▶ **Prompt**:
Take the material below and output exactly the run of lines from the one containing "Hi, my name" down to the one containing "The orbitofrontal cortex observes", with both included.

▶ **Input for this task**:
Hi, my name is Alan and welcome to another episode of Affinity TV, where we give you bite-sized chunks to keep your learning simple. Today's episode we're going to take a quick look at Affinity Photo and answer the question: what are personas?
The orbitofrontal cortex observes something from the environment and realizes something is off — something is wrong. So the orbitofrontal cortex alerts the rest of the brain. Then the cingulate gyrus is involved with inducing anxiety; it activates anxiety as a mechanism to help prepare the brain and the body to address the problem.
* * *
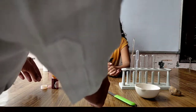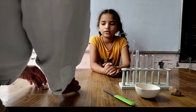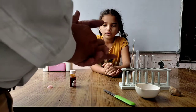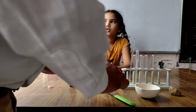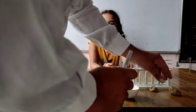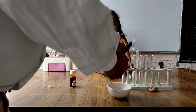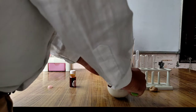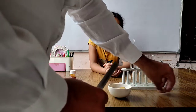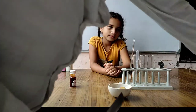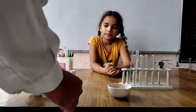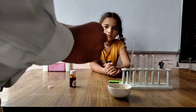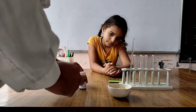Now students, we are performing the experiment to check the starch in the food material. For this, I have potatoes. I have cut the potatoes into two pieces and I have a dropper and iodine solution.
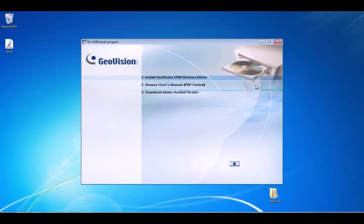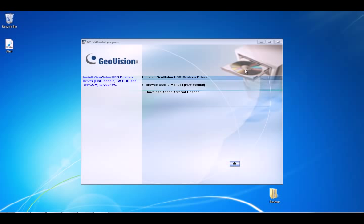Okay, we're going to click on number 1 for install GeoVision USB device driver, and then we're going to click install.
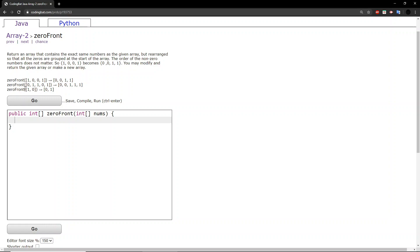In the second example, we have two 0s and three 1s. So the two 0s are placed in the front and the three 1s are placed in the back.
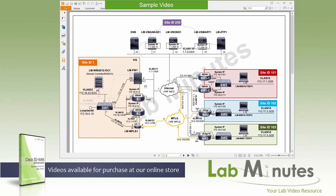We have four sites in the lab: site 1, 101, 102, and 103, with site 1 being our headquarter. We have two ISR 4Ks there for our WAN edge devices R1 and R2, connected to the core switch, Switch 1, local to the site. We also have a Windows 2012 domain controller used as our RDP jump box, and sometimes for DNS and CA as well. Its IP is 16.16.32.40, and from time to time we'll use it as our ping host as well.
---
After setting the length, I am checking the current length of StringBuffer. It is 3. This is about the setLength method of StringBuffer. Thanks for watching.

▶ **Response**:
Hi, my name is Alan and welcome to another episode of Affinity TV, where we give you bite-sized chunks to keep your learning simple. Today's episode we're going to take a quick look at Affinity Photo and answer the question: what are personas?
The orbitofrontal cortex observes something from the environment and realizes something is off — something is wrong. So the orbitofrontal cortex alerts the rest of the brain. Then the cingulate gyrus is involved with inducing anxiety; it activates anxiety as a mechanism to help prepare the brain and the body to address the problem.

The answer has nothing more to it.